Both parties have an obligation to collaborate. The requester has an obligation to provide sufficient clarity to the institution so it may process the request under the Act. If the institution requires further clarification in order to process the access request, it has an obligation in terms of duty to assist, to seek this from the requester. History between the parties does not lessen the institution’s obligation to attempt to clarify the request. The information related to previous privacy requests and past behaviour was not sufficient to be relied upon for a finding in this application.
In light of the importance for both parties to collaborate at the outset of the process, the Commissioner also strongly encouraged the requester to meaningfully work with the institution to find a reasonable way forward in relation to this request, as the request appeared quite broad.
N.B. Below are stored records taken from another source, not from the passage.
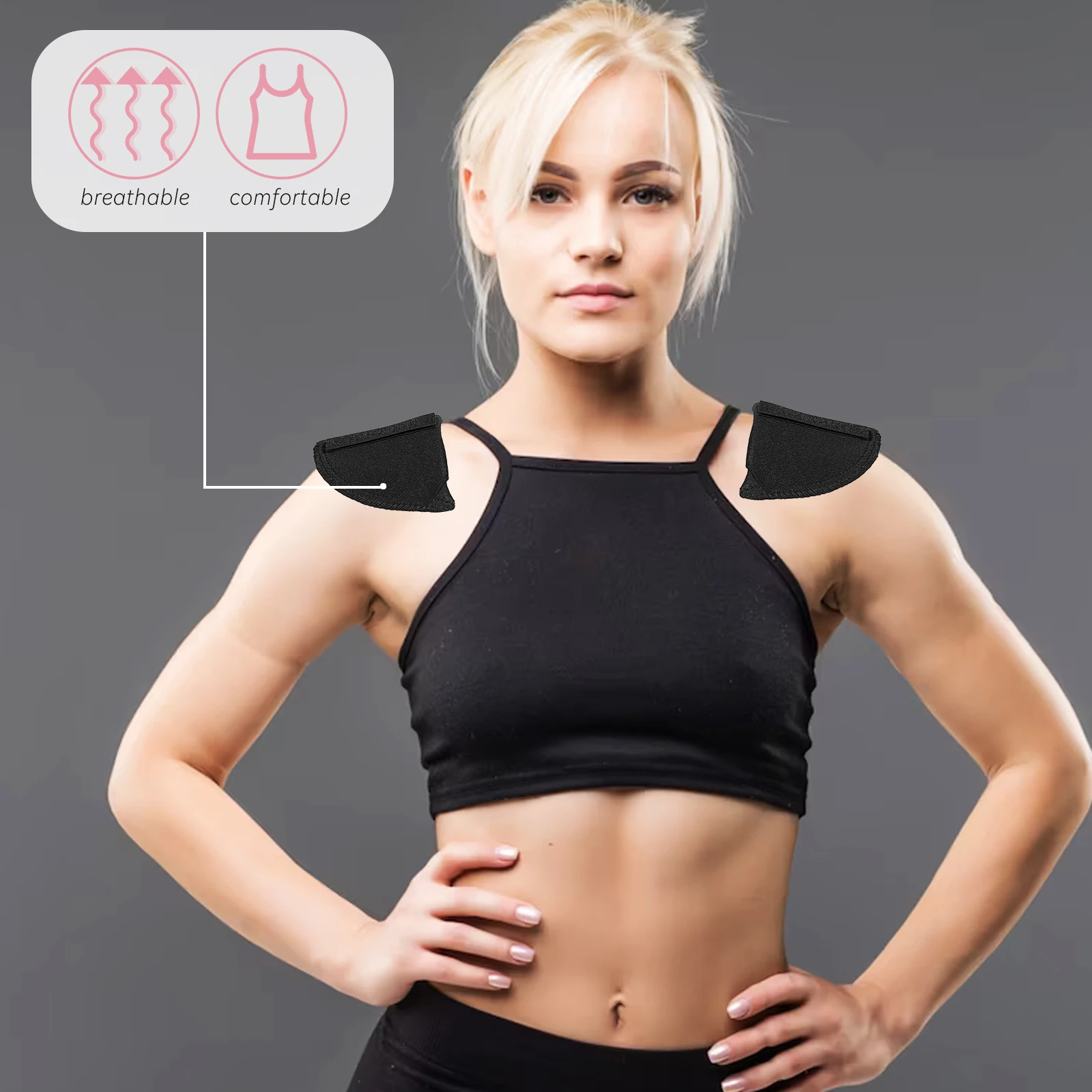 Black Shoulder for Women Shoulder Pads Men Clothing Non Slip Reusable Washable Comfortable Thin Design Health Care
Black Shoulder for Women Shoulder Pads Men Clothing Non Slip Reusable Washable Comfortable Thin Design Health Care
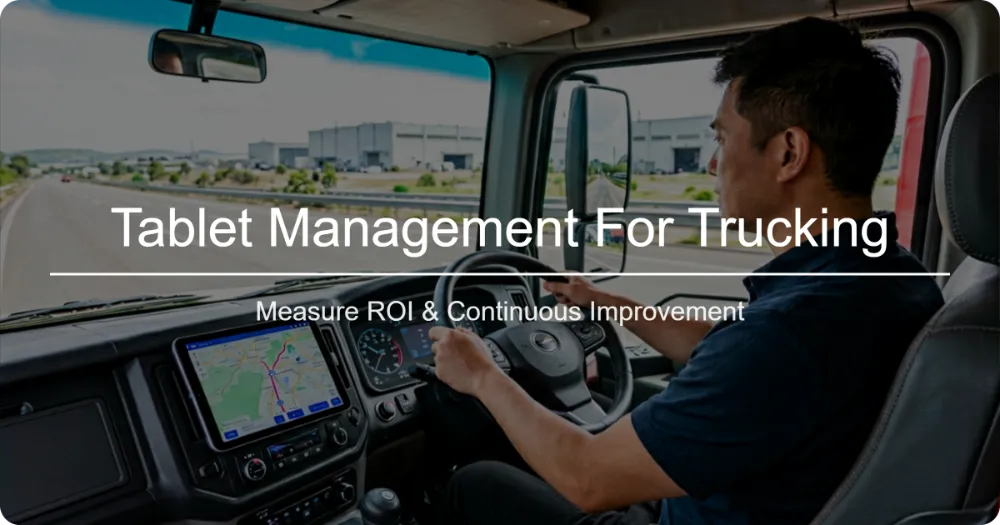 Tablet Management for TruckingMeasure ROI & Continuous Improvement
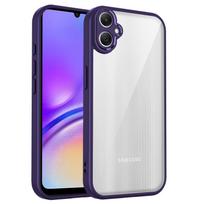 Skirta Samsung Galaxy A05 dėklas Galaxy F05 telefono dėklas Galaxy M05 a05 Dangtelis Oro pagalvėlė Silikoninis buferis Skaidrus matinės spalvos galinis dangtelis Kietas Galaxy F05 purple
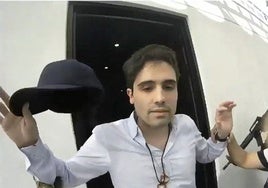 El momento de la detención del presunto narcotraficante Ovidio Guzmán , hijo del encarcelado capo de la droga Joaquín «Chapo» Guzmán EN 2019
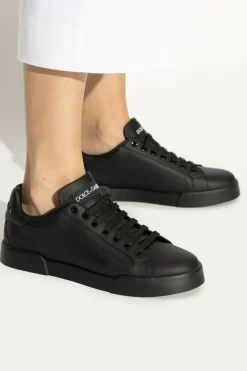Dolce & Gabbana BLACK Sports shoes with logo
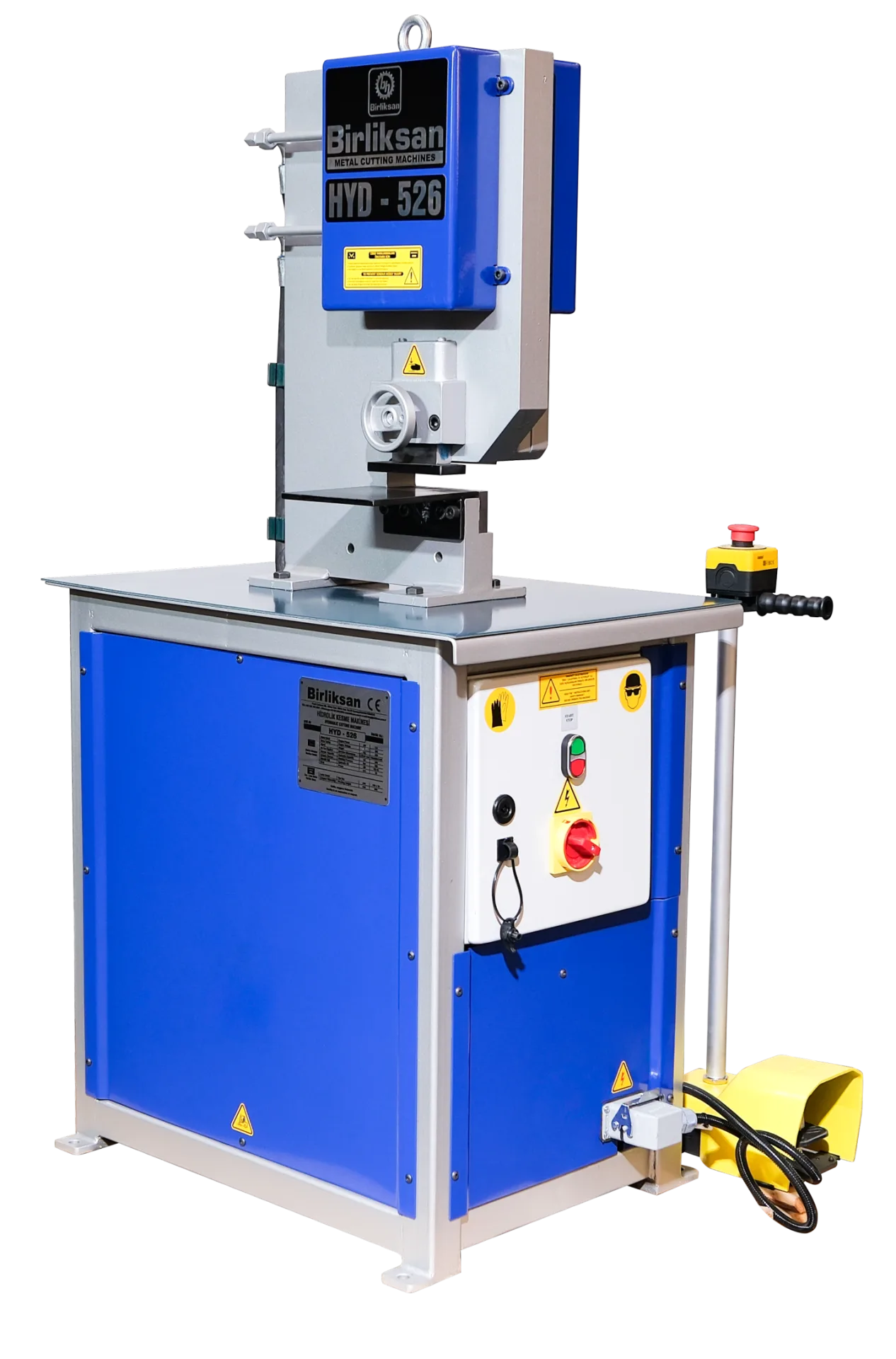 HYD-526 Hidrolik İnşaat Demiri ve Lama Kesim Makinesi
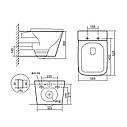 Унітаз підвісний Qtap Tern Ultra Quiet безобідковий з сидінням Soft-close WHITE QT17332303AW, фото 3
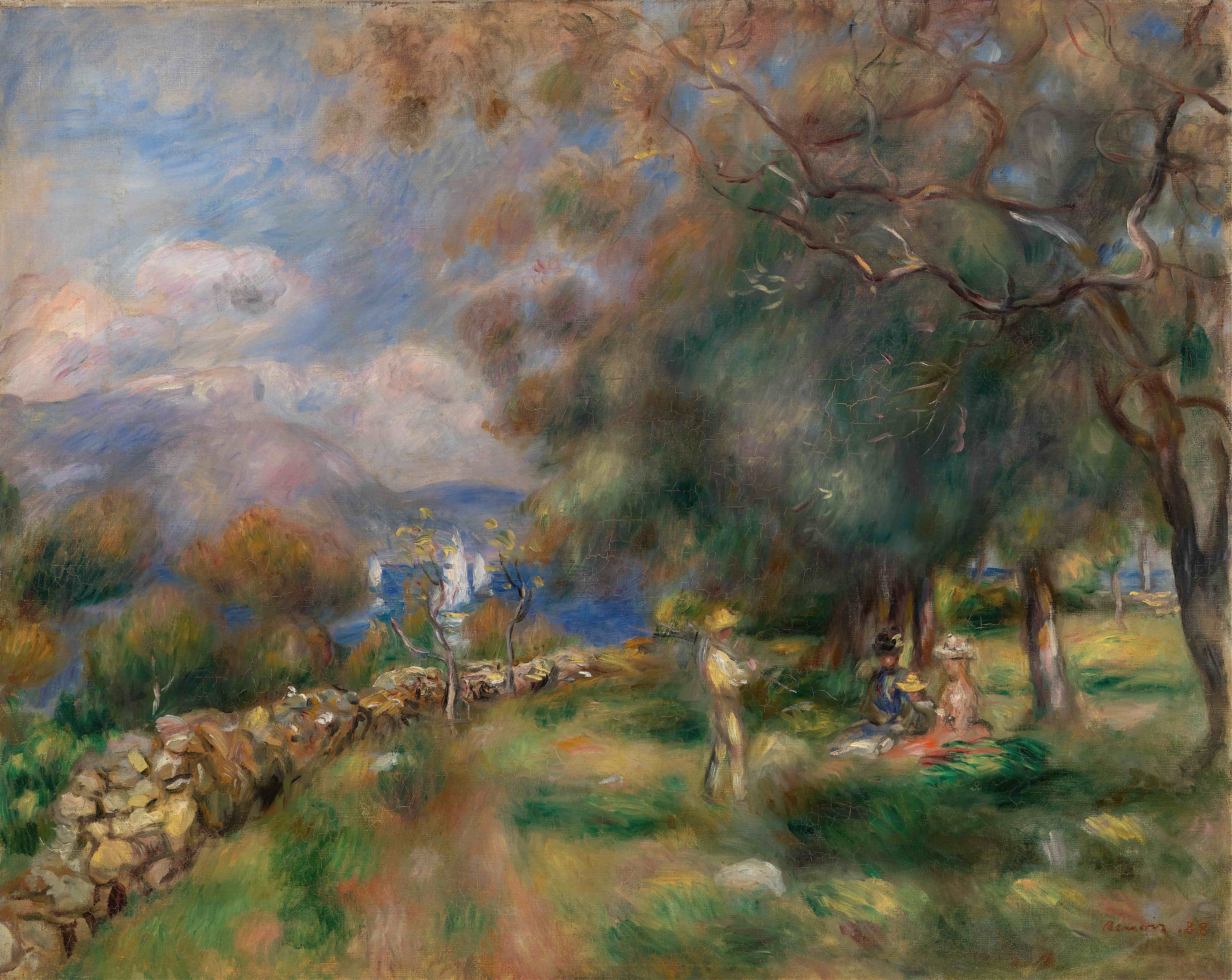《圣让半岛》（Peninsula of Saint-Jean）｜皮埃尔-奥古斯特·雷诺阿 Pierre-Auguste Renoir｜1893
Ultimately, however, the Commissioner stated that it remains open to the institution to process the request as it sees fit, in accordance with the Act. It may assess whether the request or portions of it, do not satisfy the requirements of section 6 and cannot be processed, or it may process it and apply available exemptions. Similarly, the Commissioner reminded that nothing in her decision prevents the requester from filing a complaint in accordance with the Act.
The application was dismissed as premature.